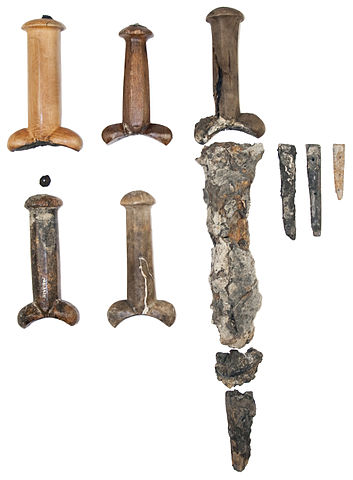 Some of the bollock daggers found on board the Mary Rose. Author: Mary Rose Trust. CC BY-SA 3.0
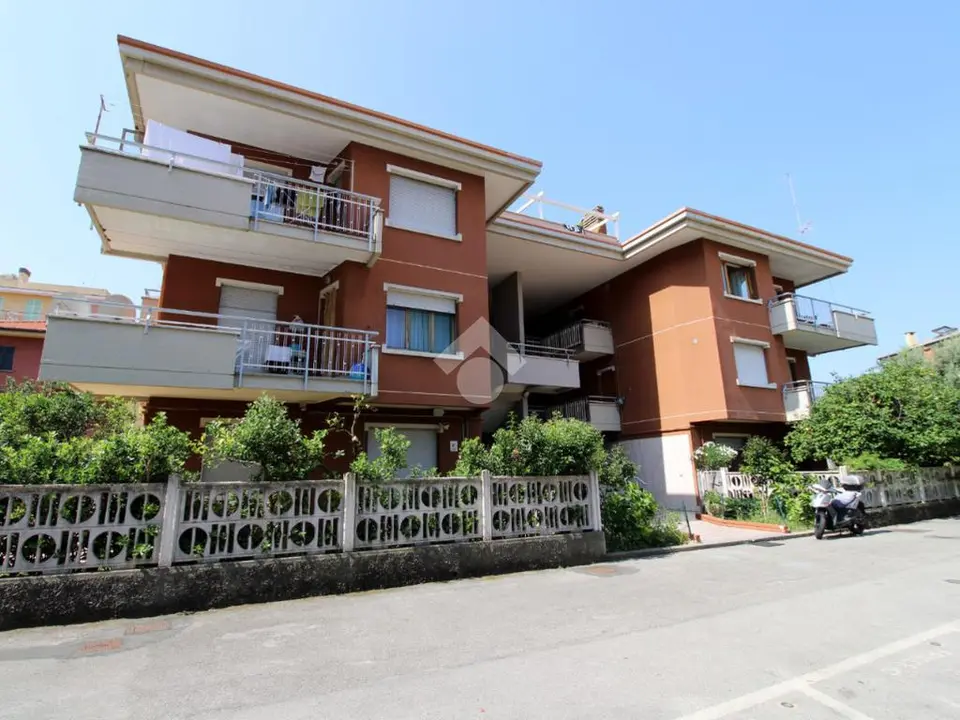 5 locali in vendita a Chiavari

* * *

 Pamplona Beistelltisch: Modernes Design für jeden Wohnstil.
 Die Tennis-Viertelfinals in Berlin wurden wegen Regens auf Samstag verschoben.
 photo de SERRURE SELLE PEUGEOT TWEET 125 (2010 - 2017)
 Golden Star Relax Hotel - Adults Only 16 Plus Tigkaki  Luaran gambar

* [What the task requires]:
Everything from the line with "photo de SERRURE" through the line with "Golden Star Relax" in the listing above must be retyped exactly, with nothing added.

* [Task output]:
 photo de SERRURE SELLE PEUGEOT TWEET 125 (2010 - 2017)
 Golden Star Relax Hotel - Adults Only 16 Plus Tigkaki  Luaran gambar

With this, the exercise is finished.